Deposited Stock shall be held by the Depositary in an account to be established
by the Depositary at the Corporate Office.

                 Upon receipt by the Depositary of a certificate or
certificates for Stock to be deposited hereunder, together with the other
documents specified above, the Depositary, subject to the terms and conditions
of this Deposit Agreement, shall execute and deliver, to or upon the order of
the person or persons named in the written order delivered to the Depositary
referred to in the first paragraph of this Section 2.02, a Receipt or Receipts
for the number of whole Depositary Shares representing the Stock so deposited
and registered in such name or names as may be requested by such person or
persons.  The Depositary shall execute and deliver such Receipt or Receipts at
the New York Office, except that, at the request, risk and expense of any
person requesting such delivery and for the account of such person, such
delivery may be made at such other place as may be designated by such person.
In each case, delivery will be made only upon payment by such person to the
Depositary of all taxes and other governmental charges and any fees payable in
connection with such deposit and the transfer of the deposited Stock.

                 The Company shall deliver to the Depositary from time to time
such quantities of Receipts as the Depositary may request to enable the
Depositary to perform its obligations under this Deposit Agreement.

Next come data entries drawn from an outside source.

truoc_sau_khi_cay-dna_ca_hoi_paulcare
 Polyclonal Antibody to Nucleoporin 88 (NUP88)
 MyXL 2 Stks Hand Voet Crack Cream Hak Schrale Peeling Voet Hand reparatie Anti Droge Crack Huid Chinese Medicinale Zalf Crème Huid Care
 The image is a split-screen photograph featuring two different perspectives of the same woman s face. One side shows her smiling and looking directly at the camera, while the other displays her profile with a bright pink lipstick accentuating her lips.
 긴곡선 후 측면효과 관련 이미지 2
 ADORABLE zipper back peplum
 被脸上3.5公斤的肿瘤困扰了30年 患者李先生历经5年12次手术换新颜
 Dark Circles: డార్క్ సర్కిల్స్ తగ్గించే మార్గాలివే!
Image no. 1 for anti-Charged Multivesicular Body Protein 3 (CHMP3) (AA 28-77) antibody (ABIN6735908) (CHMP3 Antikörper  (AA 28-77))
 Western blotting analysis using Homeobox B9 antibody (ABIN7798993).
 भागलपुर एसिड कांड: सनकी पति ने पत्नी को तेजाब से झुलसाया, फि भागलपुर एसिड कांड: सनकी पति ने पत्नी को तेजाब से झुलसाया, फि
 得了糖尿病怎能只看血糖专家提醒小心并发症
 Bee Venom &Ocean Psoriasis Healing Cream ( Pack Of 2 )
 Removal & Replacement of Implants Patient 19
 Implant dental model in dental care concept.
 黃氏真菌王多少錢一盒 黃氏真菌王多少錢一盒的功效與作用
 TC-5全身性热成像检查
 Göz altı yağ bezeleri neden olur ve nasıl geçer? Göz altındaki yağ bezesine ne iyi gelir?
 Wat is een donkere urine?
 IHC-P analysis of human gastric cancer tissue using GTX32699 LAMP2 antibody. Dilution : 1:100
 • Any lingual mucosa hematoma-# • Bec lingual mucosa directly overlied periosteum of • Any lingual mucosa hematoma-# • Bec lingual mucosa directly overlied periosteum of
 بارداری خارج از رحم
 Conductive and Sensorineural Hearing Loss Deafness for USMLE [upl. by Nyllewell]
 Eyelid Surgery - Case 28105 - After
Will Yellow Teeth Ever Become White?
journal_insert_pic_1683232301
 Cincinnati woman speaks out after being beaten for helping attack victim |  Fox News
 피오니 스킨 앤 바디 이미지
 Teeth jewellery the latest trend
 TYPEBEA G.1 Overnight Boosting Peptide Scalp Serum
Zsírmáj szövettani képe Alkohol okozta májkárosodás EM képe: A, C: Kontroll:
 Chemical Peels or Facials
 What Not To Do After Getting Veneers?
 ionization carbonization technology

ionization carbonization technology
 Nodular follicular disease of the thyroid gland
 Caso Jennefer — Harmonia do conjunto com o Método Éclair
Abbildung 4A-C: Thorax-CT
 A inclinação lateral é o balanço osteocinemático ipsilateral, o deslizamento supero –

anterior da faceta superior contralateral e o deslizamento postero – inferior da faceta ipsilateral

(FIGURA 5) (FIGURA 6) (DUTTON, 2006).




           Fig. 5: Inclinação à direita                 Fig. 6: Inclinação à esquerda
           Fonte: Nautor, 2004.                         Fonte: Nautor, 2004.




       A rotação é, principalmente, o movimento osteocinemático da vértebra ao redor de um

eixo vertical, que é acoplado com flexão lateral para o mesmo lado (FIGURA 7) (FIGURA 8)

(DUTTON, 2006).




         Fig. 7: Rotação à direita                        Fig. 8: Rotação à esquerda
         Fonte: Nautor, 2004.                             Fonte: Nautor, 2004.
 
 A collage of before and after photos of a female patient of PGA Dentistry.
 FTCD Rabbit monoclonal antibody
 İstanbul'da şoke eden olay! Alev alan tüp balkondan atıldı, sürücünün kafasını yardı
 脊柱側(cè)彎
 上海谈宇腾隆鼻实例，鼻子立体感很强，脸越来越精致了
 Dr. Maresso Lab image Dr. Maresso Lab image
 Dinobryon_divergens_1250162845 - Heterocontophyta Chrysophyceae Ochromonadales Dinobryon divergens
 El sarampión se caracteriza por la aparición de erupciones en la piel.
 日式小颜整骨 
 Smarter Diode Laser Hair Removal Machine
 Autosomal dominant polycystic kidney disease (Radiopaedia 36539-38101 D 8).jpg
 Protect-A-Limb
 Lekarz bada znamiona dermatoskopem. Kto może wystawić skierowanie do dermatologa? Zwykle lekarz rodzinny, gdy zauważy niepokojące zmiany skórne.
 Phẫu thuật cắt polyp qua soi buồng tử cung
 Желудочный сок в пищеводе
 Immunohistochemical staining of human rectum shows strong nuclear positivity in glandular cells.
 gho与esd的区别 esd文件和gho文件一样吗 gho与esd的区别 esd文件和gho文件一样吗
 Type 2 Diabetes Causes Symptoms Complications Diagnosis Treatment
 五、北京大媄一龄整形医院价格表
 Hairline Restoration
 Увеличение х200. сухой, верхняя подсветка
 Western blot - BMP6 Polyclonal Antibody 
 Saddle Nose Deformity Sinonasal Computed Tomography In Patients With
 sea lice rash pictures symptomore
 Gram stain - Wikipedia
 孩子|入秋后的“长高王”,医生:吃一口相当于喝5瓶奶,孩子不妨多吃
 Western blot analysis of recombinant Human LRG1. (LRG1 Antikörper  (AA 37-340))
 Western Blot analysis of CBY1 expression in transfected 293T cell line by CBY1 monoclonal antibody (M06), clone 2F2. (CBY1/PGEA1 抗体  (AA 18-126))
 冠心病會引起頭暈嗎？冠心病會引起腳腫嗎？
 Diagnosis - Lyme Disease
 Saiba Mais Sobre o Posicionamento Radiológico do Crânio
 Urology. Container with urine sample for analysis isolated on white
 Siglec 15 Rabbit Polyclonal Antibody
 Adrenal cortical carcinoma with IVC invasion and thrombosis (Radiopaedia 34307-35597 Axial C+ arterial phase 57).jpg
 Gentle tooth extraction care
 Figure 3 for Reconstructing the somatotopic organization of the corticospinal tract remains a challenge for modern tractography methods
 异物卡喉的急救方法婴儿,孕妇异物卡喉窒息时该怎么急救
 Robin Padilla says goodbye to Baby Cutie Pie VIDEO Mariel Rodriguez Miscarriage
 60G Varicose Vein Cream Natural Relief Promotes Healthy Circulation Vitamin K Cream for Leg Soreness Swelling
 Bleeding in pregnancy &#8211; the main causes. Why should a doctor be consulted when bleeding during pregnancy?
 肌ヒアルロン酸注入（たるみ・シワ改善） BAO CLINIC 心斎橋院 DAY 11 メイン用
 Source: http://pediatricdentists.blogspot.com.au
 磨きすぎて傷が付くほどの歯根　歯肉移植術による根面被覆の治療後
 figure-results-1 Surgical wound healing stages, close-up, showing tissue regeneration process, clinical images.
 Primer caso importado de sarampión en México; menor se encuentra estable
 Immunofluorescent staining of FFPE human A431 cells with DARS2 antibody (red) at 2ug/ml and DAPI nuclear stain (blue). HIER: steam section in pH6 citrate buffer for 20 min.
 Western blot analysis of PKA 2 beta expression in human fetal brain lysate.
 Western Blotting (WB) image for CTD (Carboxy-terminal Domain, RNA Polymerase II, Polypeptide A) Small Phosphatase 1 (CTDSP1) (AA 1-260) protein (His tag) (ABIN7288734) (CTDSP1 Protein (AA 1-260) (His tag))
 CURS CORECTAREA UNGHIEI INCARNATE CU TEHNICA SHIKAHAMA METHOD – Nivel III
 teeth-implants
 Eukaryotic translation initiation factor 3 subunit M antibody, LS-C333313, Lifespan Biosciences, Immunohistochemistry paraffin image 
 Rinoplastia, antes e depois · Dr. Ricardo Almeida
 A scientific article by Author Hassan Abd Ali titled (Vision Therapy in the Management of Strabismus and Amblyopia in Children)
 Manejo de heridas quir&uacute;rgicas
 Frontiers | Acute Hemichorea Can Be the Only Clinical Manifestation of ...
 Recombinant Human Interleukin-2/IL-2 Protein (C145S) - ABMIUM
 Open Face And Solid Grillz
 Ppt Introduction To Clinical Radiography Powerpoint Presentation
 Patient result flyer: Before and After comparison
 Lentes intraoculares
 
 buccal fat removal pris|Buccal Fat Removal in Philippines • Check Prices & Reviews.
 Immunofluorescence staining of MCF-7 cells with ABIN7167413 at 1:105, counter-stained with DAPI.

                                     - 4 -
<PAGE>   9
                 SECTION 2.3  Redemption and Conversion of Stock.1  Whenever
the Company shall elect to redeem or be required to convert shares of Stock
into shares of Common Stock or other securities in accordance with the
Certificate of Designation, it shall (unless otherwise agreed in writing with
the Depositary) give the Depositary in its capacity as Depositary not less than
5 business days' prior notice of the proposed date of the mailing of a notice
of redemption or conversion of Stock and the simultaneous redemption or
conversion of the Depositary Shares representing the Stock to be redeemed or
converted and of the number of such shares of Stock held by the Depositary to
be redeemed or converted.  The Depositary shall, as directed by the Company in
writing, mail, first class postage prepaid, notice of the redemption or
conversion of Stock and the proposed simultaneous redemption or conversion of
the Depositary Shares representing the Stock to be redeemed or converted, not
less than 30 and not more than 60 days prior to the date fixed for redemption
or conversion of such Stock and Depositary Shares, to the record holders of the
Receipts evidencing the Depositary Shares to be so redeemed or converted, at
the addresses of such holders as the same appear on the records of the
Depositary; provided, that if the effectiveness of a Merger or Consolidation
(as defined in the Certificate of Designation) makes it impracticable to
provide at least 30 days' notice, the Depositary shall provide such notice as
soon as practicable prior to such effectiveness.   Any such notice shall also
be published in the same manner as notices of redemption or conversion of Stock
are required to be published pursuant to Section [   ] of the Certificate of
Designation.  Notwithstanding the foregoing, neither failure to mail or publish
any such notice to one or more such holders nor any defect in any notice shall
affect the sufficiency of the proceedings for redemption or conversion.  The
Company shall provide the Depositary with such notice, and each such notice
shall state: the redemption or conversion date; the number of Depositary Shares
to be redeemed or converted; if fewer than all the Depositary Shares held by
any holder are to be redeemed, the number of such Depositary Shares held by
such holder to be so redeemed; in the case of a call for redemption, the call
price payable upon redemption and the Current Market Price (as defined in the
Certificate of Designation) to be used to calculate the number of shares of
Common Stock or other securities  deliverable upon redemption; whether the
Company is exercising any option to deliver shares of Common Stock or other
securities in lieu of any cash consideration pursuant to Section [  ] of the
Certificate of Designation and the Current Market Price to be used to calculate
the number of such shares or other securities; the place or places where
Receipts evidencing Depositary Shares to be redeemed or converted are to be
surrendered for redemption or conversion; whether the Company is depositing
with a bank or trust company on or before the redemption or conversion date,
the shares of Common Stock or other securities and cash, if any, payable by the
Company and the proposed date of such deposit; the amount of accrued and unpaid
dividends payable per share of Stock to be redeemed or converted to and
including such redemption or conversion date, as the case may be, and that
dividends in respect of the Stock represented by the Depositary Shares to be
redeemed or converted will cease to accrue on such redemption or conversion
date (unless the Company shall default in delivering shares of





__________________________________

1.     This section to be modified to discuss specific redemption or 
       conversion terms of the Stock, if any.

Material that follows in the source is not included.